* [Problem statement]:
Your response to the data below should hold nothing except the lines from the one containing "Hello everyone, greetings" down to the one containing "you found this", reproduced exactly and without pictures.

* [Records to use]:
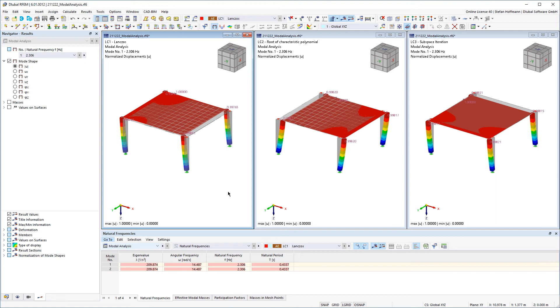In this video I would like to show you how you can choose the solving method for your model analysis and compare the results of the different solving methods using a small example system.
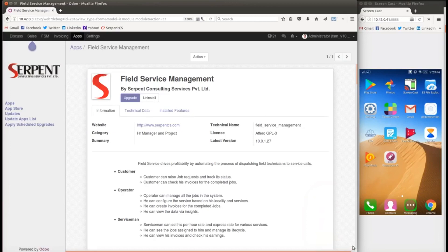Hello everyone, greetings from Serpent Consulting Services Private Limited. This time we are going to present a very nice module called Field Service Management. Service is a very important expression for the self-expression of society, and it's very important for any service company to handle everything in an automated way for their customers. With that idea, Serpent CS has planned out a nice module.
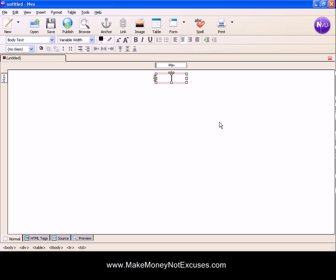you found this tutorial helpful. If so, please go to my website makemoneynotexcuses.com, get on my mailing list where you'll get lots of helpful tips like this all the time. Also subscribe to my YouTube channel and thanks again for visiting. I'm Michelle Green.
==
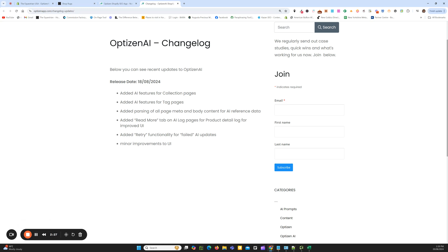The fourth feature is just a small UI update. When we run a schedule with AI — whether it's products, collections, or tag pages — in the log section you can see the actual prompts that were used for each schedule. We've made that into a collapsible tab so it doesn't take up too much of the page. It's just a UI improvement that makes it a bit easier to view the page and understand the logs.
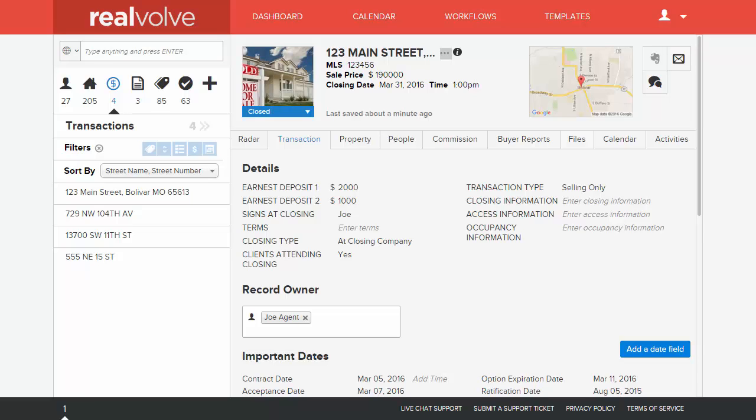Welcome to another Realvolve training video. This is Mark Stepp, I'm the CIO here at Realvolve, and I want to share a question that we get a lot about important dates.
...
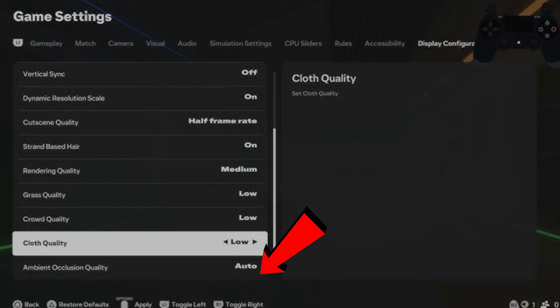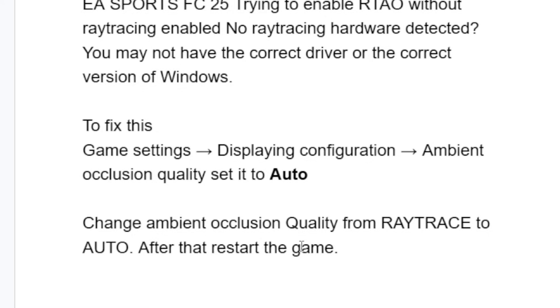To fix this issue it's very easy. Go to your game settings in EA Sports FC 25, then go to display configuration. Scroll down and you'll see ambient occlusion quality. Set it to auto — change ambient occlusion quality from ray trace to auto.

* [Task solution]:
Hello everyone, greetings from Serpent Consulting Services Private Limited. This time we are going to present a very nice module called Field Service Management. Service is a very important expression for the self-expression of society, and it's very important for any service company to handle everything in an automated way for their customers. With that idea, Serpent CS has planned out a nice module.
you found this tutorial helpful. If so, please go to my website makemoneynotexcuses.com, get on my mailing list where you'll get lots of helpful tips like this all the time. Also subscribe to my YouTube channel and thanks again for visiting. I'm Michelle Green.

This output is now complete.